===== Information

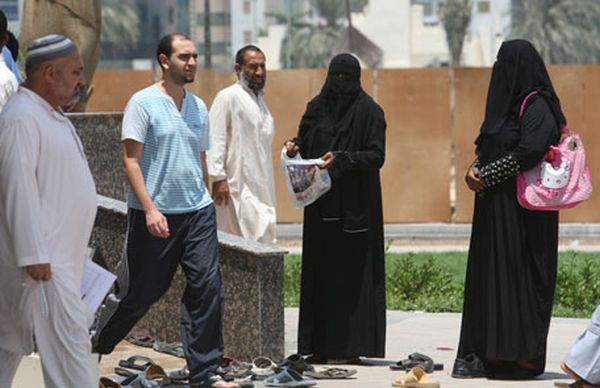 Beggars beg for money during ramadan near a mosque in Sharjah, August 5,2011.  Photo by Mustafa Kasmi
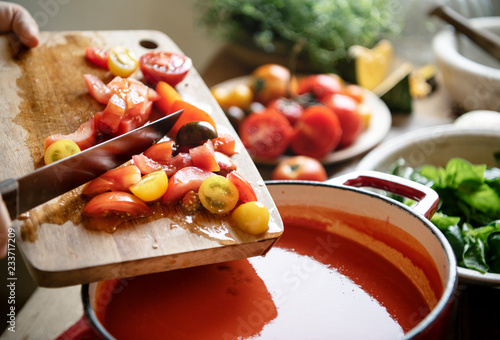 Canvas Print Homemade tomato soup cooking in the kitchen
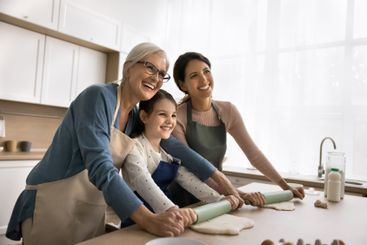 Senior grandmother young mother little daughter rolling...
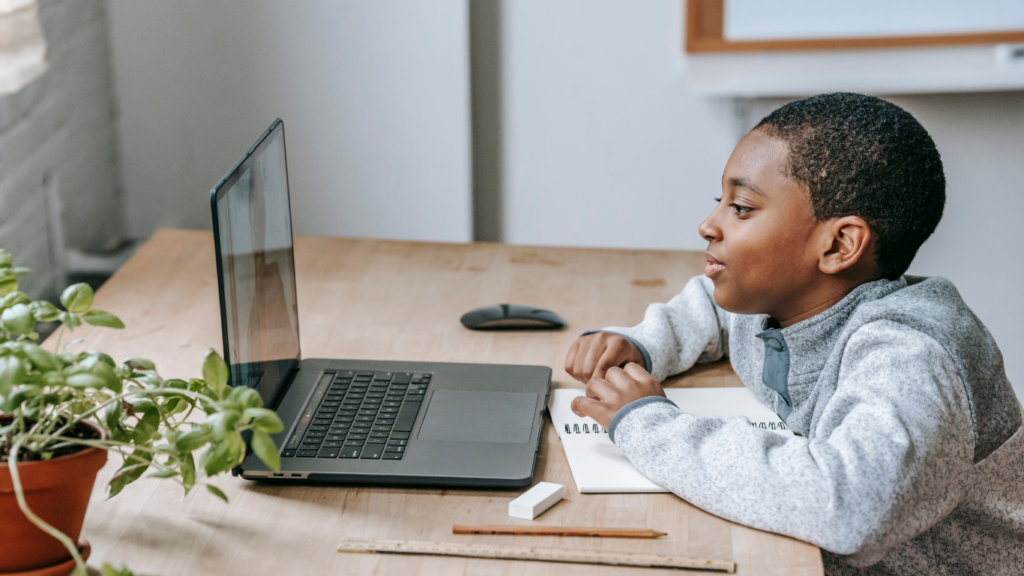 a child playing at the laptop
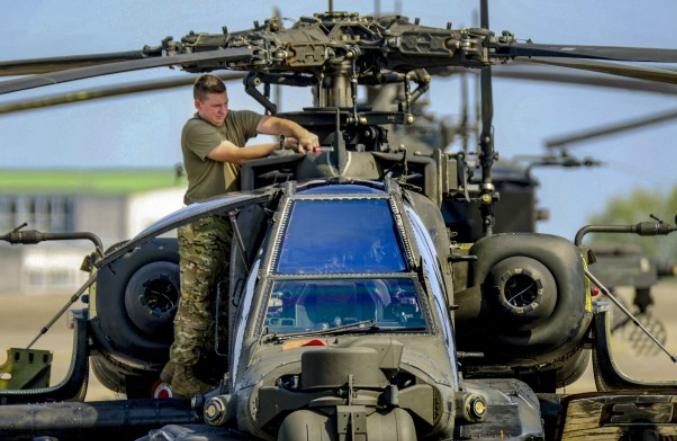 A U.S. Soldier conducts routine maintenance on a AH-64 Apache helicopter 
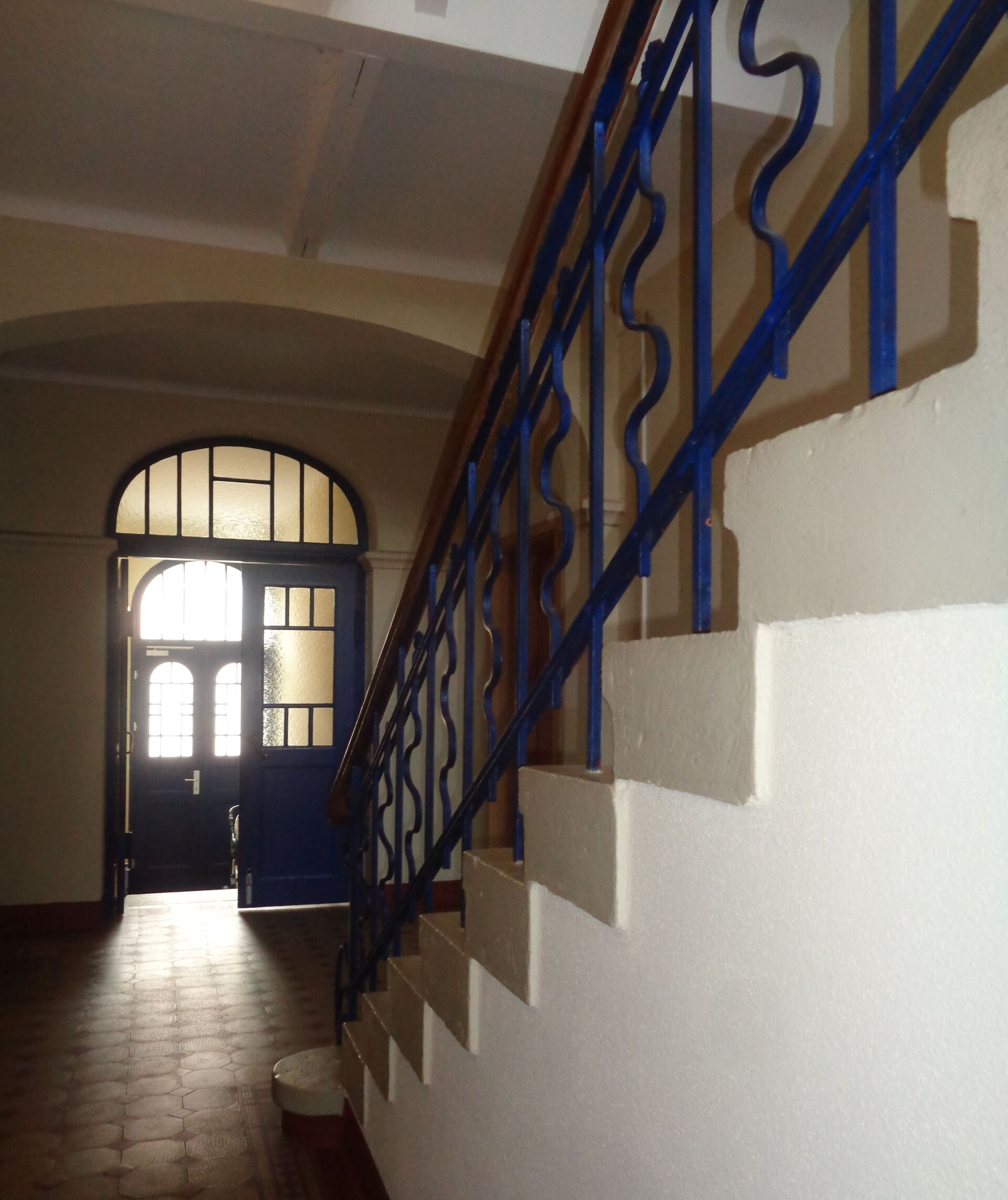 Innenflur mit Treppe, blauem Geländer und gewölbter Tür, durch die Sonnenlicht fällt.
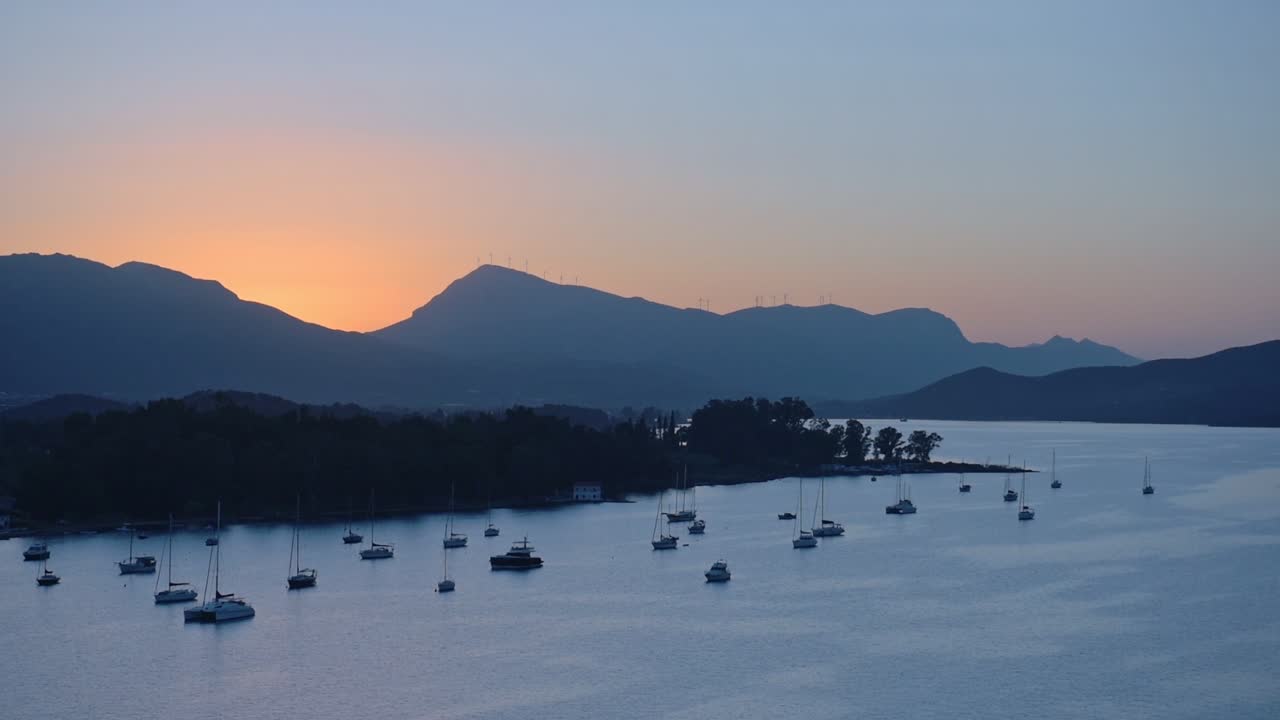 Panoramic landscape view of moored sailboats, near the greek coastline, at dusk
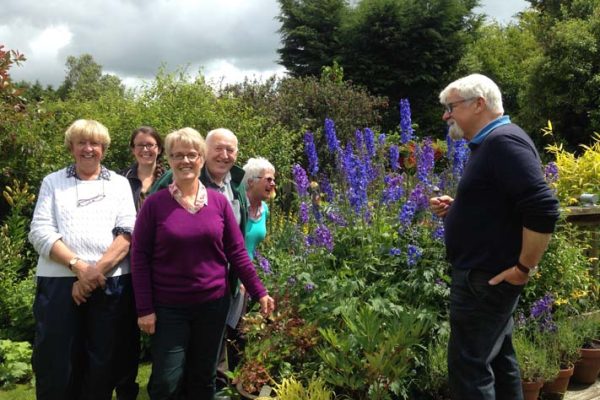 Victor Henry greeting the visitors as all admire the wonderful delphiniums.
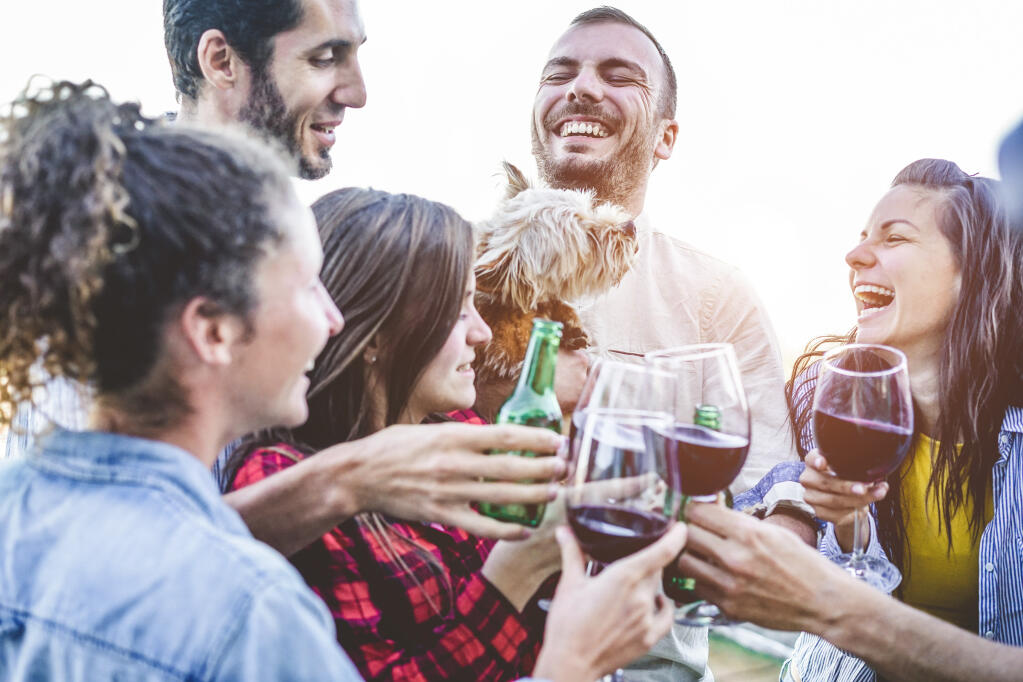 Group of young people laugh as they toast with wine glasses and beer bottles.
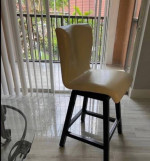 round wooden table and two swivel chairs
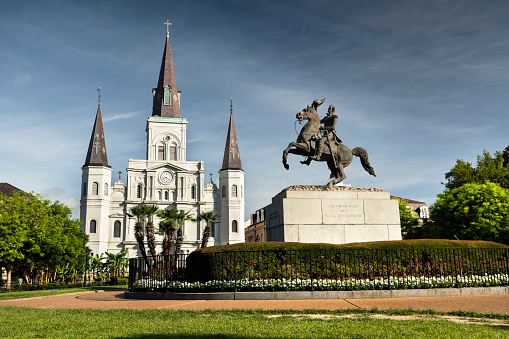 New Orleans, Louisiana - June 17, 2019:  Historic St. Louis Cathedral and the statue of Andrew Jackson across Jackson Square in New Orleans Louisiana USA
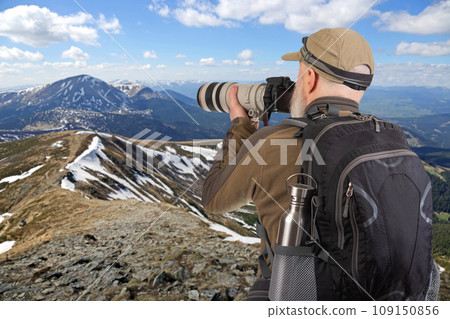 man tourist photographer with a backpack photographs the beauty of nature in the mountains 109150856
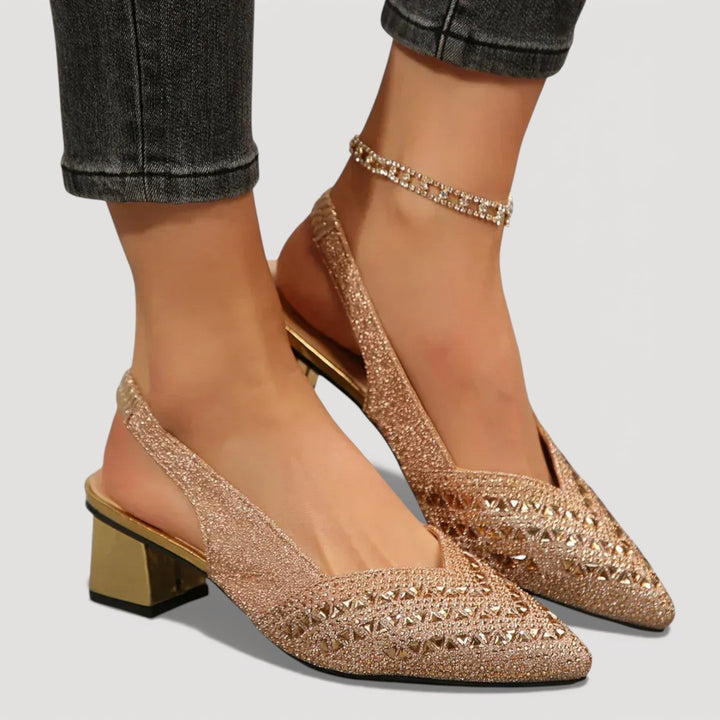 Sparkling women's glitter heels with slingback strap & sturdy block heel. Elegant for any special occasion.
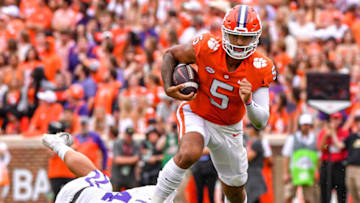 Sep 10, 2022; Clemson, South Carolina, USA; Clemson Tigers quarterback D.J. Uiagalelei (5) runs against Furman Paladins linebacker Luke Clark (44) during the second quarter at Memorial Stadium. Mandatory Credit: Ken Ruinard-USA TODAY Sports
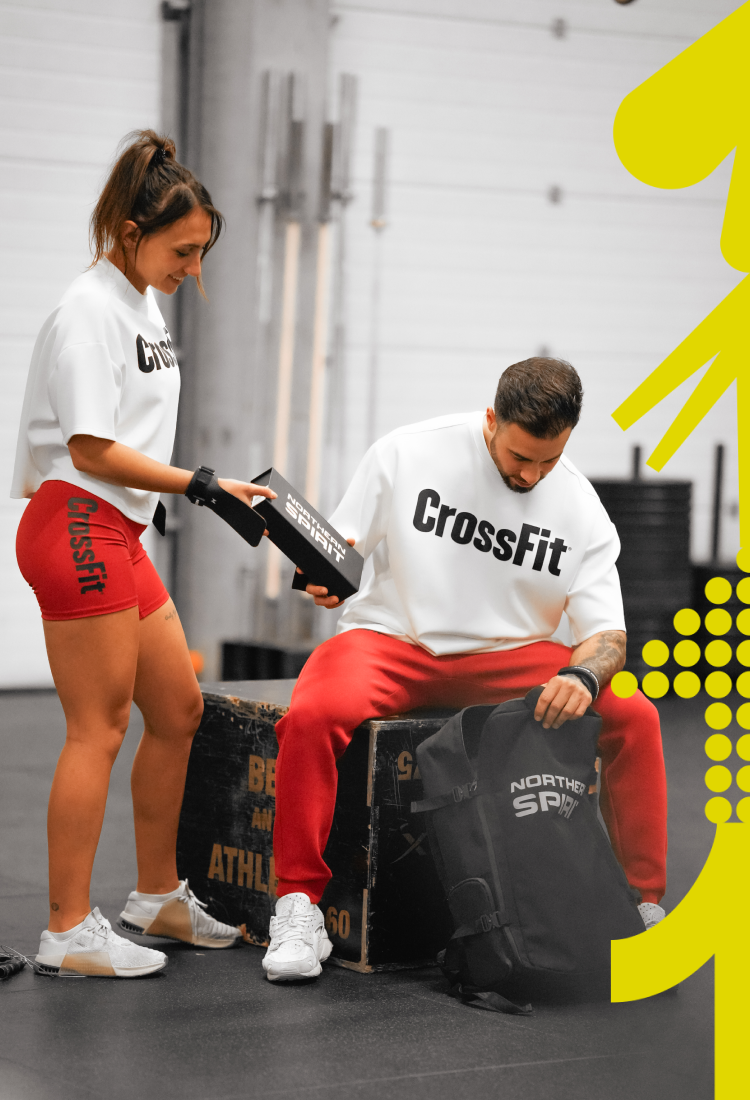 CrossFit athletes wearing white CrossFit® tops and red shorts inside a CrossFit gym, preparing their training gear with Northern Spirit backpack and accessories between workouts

==========

Description of the task:
Your answer must be the exact lines from the records above, from the one containing "Canvas Print Homemade" through the one containing "Sep 10, 2022;", both included, with every picture left out.

Answer to the problem:
 Canvas Print Homemade tomato soup cooking in the kitchen
 Senior grandmother young mother little daughter rolling...
 a child playing at the laptop
 A U.S. Soldier conducts routine maintenance on a AH-64 Apache helicopter 
 Innenflur mit Treppe, blauem Geländer und gewölbter Tür, durch die Sonnenlicht fällt.
 Panoramic landscape view of moored sailboats, near the greek coastline, at dusk
 Victor Henry greeting the visitors as all admire the wonderful delphiniums.
 Group of young people laugh as they toast with wine glasses and beer bottles.
 round wooden table and two swivel chairs
 New Orleans, Louisiana - June 17, 2019:  Historic St. Louis Cathedral and the statue of Andrew Jackson across Jackson Square in New Orleans Louisiana USA
 man tourist photographer with a backpack photographs the beauty of nature in the mountains 109150856
 Sparkling women's glitter heels with slingback strap & sturdy block heel. Elegant for any special occasion.
 Sep 10, 2022; Clemson, South Carolina, USA; Clemson Tigers quarterback D.J. Uiagalelei (5) runs against Furman Paladins linebacker Luke Clark (44) during the second quarter at Memorial Stadium. Mandatory Credit: Ken Ruinard-USA TODAY Sports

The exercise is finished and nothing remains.